2021年8月7日土曜日

あるいは牡蠣でいっぱいの海

 筒井康隆の「あるいは酒でいっぱいの海」が河出文庫から8/6に再刊されたというシグナルを検知した。もともとは,1979年に集英社文庫から出ていたものだが読んではいない。当時から,そのタイトルは,エイヴラム・デイヴィッドソン(1923-1993)の「あるいは牡蠣でいっぱいの海」をもじっているのだと思っていた。著者は誰だかもよくわかっていなかったが,そのタイトルだけは,そんなわけで長く印象づいていた。

この機会に,読んでいなかった「あるいは牡蠣でいっぱいの海」がないかとネット上で検索したところ,ハヤカワSFシリーズ3079のアイザック・アシモフ編ヒューゴー賞傑作集No. 1に収録されていることがわかった。あれ,それ持ってませんでした?というわけで書棚を探すと確かにあった。なんのことはない,実は既読だったようだ。さっそく再読したところ,やはりほとんど記憶になかった。

その洒落たストーリーは,簡単といえばそうなのだけど,ある意味解釈に困るようなもので,これではちょっと記憶に残らない。エイヴラム・デイヴィッドソンの日本オリジナル短編集どんがらがんが,2005年に河出書房から出版されていて,これも河出文庫に収録されている。若島正さん(昔,おなじ官舎に住んでいた大教大附属高校の英語の先生の旦那さんだ)が新訳しているが,残念なことにタイトルも変えられしまった。

その,エイヴラム・デイヴィッドソンはもともとユダヤ教だったのが,1970年代に天理教に改宗している。えっ,天理教ですか。
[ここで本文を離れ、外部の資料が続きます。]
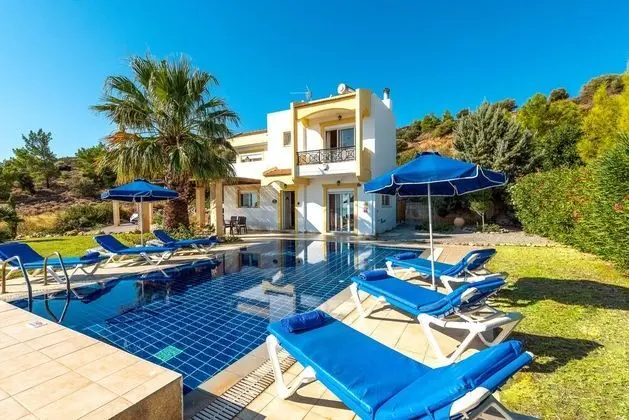 Villa Irene, Amazing Views, Private Pool, Lindos 10 Mins, Beach 3 Mins - Havuz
Tenrikyo: Tenrikyo, Avram Davidson, Fumio Kyuma, Sanae Takaichi, Kiyokuni Katsuo, Bunmei Ibuki, Hakuo Yanagisawa, Nakayama Miki(LLC Books)を読めばそのあたりのことがもう少しわかるのだろうか?